Slamming the door on the Big Four | China Accounting Blog | Paul Gillis

Slamming the door on the Big Four

The State Council Legislative Affairs Office of the PRC has requested public comments on proposed amendments to the CPA Act. The very act of asking for public comments on legislation reminds me how much things have changed in my 15 years living in China. 

The legislation appears to be mostly housekeeping. There is no new policy here, just alignment of existing laws with policy. The most important change is getting rid of all the language about joint venture accounting firms. Instead, accounting firms are required to use either general or limited partnerships, with limited partnerships available only to firms with at least 25 partners and 100 CPAs.

China faced three problems with CPA firms since they first reappeared in 1980. First, all CPA firms were initially affiliated with the state. Of course, in 1980, everything was affiliated with the state. The need for an independent CPA profession was recognized as China’s economy developed, and by the late 1990s all CPA firms were separated from the state. Second, the original CPA law allowed firms to organize as either partnerships or corporations, yet partnerships were unknown in China and it was near impossible to form one. As a consequence, nearly all CPA firms were organized as corporations. That tended to concentrate ownership and management in a single individual, which was considered a poor governance structure for professional accounting firms. The government has been pushing partnerships since the 1990s, and soon it will be the only form available for CPA firms.

The third problem was joint venture accounting firms. China allowed the then Big Six to form joint venture accounting firms in 1992. Three second-tier firms were later allowed to form joint ventures, but all of those ventures failed because of conflicts between the partners.
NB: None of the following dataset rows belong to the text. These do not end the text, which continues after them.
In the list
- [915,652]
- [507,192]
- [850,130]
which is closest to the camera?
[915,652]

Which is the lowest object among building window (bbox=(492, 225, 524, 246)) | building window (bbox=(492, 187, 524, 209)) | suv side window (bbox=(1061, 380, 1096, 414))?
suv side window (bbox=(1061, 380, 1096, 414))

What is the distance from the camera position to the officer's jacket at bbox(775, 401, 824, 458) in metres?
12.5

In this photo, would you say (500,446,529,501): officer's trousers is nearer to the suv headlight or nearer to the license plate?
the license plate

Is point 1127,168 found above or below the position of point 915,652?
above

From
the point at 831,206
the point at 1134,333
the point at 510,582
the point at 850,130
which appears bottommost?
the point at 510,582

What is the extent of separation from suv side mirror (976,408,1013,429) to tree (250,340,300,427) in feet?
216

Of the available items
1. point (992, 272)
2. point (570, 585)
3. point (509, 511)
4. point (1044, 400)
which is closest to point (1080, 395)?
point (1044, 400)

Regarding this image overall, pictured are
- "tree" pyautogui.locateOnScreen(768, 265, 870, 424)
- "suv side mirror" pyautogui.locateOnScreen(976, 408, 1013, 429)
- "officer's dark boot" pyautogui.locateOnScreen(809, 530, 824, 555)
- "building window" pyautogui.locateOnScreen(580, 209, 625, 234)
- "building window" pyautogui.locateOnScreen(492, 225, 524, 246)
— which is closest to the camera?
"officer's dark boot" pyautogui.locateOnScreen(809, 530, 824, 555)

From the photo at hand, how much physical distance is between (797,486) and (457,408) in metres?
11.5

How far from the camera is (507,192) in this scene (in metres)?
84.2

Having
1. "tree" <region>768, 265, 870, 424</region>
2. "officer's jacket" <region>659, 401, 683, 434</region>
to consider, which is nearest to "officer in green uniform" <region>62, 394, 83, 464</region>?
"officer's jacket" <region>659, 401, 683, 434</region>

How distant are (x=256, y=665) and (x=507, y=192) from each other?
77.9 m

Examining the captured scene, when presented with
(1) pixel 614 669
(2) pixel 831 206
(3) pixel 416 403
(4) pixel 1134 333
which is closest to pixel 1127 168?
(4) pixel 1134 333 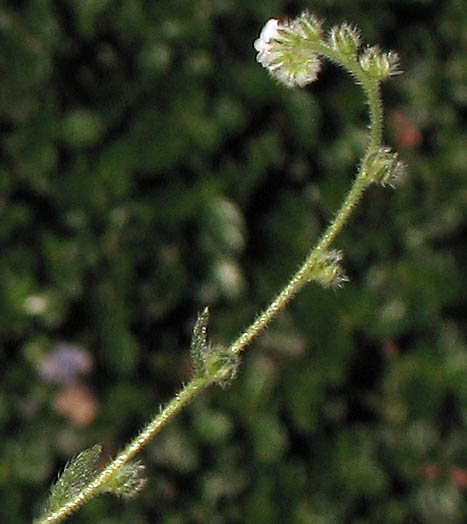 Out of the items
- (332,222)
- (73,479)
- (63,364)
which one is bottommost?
(63,364)

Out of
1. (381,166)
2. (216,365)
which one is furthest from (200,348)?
(381,166)

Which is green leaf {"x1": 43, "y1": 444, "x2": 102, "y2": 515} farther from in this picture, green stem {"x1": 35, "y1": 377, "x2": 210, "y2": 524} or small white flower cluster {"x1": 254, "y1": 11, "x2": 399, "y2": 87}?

PwC formed a new joint venture in 1997 at the time of the merger of PW and C&L. Since then, no joint venture firms have been allowed. The existing joint ventures were allowed to continue because of a special provision in China’s WTO accession. Three of the JV’s expire this year, having used up their 20-year lives, with PwC getting an extra five years. This legislation slams the door on any hope the firms had of extending the joint ventures. They will be required to restructure into limited partnerships owned by Chinese CPAs – and fast. China has graciously said it will follow its WTO commitments, which expire as the joint ventures expire.

The changes will bring China in line with international practice. I am not aware of any other jurisdiction that allows unlicensed persons to own a CPA firm. This will bring pain to many Big Four partners, who must obtain a Chinese CPA license or lose their right to ownership.